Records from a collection
****************************************

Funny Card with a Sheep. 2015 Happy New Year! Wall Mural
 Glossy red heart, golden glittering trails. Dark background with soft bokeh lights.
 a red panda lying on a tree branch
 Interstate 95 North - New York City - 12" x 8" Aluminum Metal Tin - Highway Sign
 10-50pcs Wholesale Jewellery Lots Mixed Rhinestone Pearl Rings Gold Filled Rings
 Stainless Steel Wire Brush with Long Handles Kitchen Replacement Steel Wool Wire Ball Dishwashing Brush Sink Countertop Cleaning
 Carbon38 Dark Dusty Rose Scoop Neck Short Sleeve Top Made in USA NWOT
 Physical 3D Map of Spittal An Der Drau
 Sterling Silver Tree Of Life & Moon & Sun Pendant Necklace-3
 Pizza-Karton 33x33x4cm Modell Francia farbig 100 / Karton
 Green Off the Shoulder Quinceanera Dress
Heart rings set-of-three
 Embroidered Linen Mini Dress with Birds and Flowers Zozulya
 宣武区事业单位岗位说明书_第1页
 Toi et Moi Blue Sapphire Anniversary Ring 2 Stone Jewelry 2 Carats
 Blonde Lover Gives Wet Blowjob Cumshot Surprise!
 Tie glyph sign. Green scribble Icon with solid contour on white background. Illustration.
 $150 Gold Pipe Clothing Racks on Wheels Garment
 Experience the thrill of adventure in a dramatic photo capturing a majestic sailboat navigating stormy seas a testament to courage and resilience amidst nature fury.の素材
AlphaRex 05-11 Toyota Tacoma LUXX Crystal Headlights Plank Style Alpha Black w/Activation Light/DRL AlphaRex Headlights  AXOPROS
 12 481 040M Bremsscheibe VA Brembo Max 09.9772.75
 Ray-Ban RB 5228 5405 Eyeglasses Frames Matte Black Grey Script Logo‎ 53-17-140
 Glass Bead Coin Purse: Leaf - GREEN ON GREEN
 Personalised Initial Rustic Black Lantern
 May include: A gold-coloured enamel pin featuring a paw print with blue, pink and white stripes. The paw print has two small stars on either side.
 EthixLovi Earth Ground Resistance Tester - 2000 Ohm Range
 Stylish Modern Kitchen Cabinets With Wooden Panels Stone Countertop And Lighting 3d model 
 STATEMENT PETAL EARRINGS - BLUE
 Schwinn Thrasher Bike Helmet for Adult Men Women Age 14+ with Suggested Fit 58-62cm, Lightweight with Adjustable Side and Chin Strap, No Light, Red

****************************************

Look above for the line that contains "12 481 040M". Starting there, transcribe every line exactly until you have copied the line that contains "Personalised Initial Rustic Black Lantern".

# OUTPUT BELOW
 12 481 040M Bremsscheibe VA Brembo Max 09.9772.75
 Ray-Ban RB 5228 5405 Eyeglasses Frames Matte Black Grey Script Logo‎ 53-17-140
 Glass Bead Coin Purse: Leaf - GREEN ON GREEN
 Personalised Initial Rustic Black Lantern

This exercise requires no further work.